Myers' second argument is that the district court erred by rejecting the presentence investigative report's recommendation that she not be required to pay more than $100 per month restitution and ordering her to pay $500 per month during the final thirty-three months of her supervised release. We agree.
In support of its restitution order, the district court noted that Myers was "a very able and capable human being" as demonstrated by her fraud, and because " [s]he has lots of ability [,]" she should use those talents "in a legal way." Although we have recognized that the Victim and Witness Protection Act, 18 U.S.C. §§ 3663-64, does not require the district court to make specific findings before ordering restitution, United States v. Smith, 944 F.2d 618, 623 (9th Cir. 1991), cert. denied, --- U.S. ----, 112 S. Ct. 1515, 117 L. Ed. 2d 651 (1992), we hold that, when as here a court provides reasons therefor, it may not base its restitution order on irrelevant or illegitimate criteria. Here, the district court erred by basing its restitution order solely on Myers' ability to defraud people rather than on her ability to earn money lawfully. Accordingly, we must vacate the restitution order and remand for resentencing on this point.
Criminal History Category
Myers' final argument is that the district court erred by accepting the presentence investigative report's calculation of her criminal history category as level III rather than II because (a) the calculation included two underlying state court convictions that were constitutionally infirm, and (b) the calculation included a two-point addition for having been on probation at the time she committed the offense. We reject both of these contentions.
With respect to the first argument, we note that, because the Sentencing Guidelines do not provide an independent basis for collaterally attacking prior felony convictions, United States v. Fondren, 32 F.3d 429, 430 (9th Cir. 1994), a defendant may not mount a constitutional challenge to a prior conviction used for sentence enhancement except when that conviction was ostensibly obtained in violation of the defendant's right to appointed counsel. Id.; United States v. Burrows, 36 F.3d 875, 884-85 (9th Cir. 1994) (citing and discussing Fondren and Custis v. United States, --- U.S. ----, ----, 114 S. Ct. 1732, 1738, 128 L. Ed. 2d 517 (1994)). Myers neither alleged nor showed any such problem with either of her underlying convictions.
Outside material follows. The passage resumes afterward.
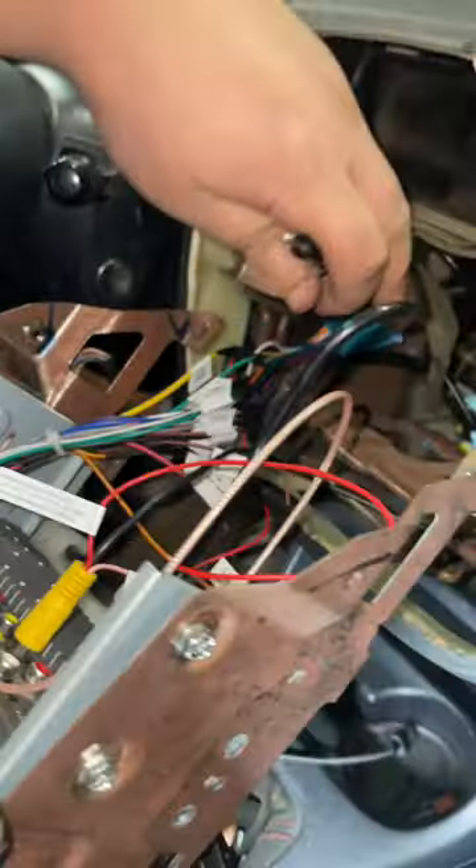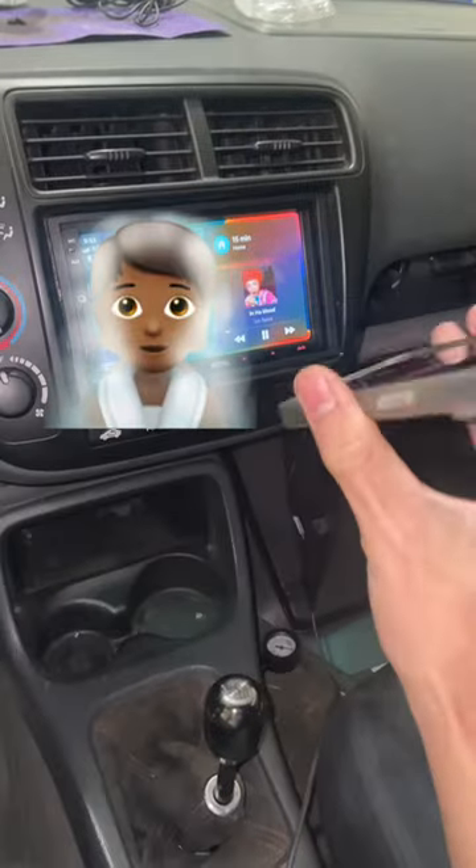Just like that we have the bracket on. Solder the harness together, put the radio back in. So I have the phone connected — this does have wireless CarPlay.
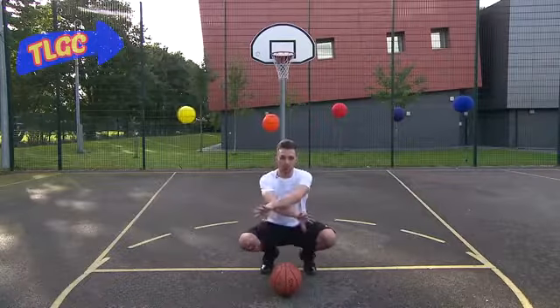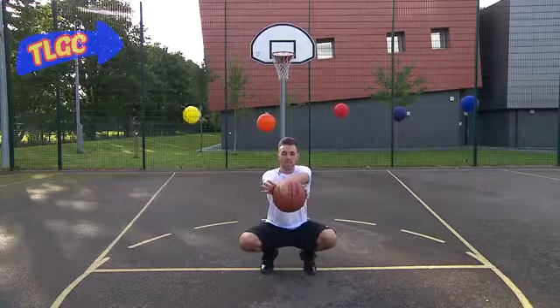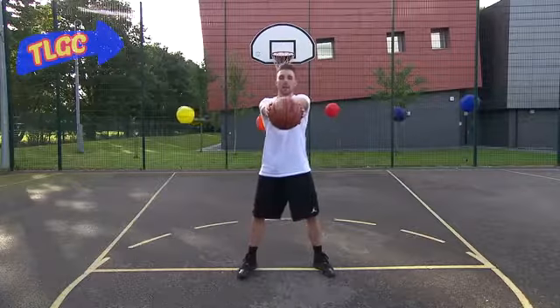Now you need to cross your arms so your thumbs are pointing down. Pick the ball up, make sure your hand is either side of the ball, and stand up. Now that's step one.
As for Myers' second contention, it is undisputed that she pleaded guilty to Counts I and II of the indictment, both of which place the beginning of her illegal activity in November 1990, when she was admittedly on probation. In addition, an affidavit from Special Agent Caldwell supports this date. Notwithstanding Myers' argument to the contrary, we cannot say from the evidence presented that the district court was clearly erroneous in finding that the charged offense occurred while Myers was on probation. Cf. United States v. Chapnick, 963 F.2d 224, 226 (9th Cir. 1992).
AFFIRMED IN PART, VACATED IN PART, AND REMANDED.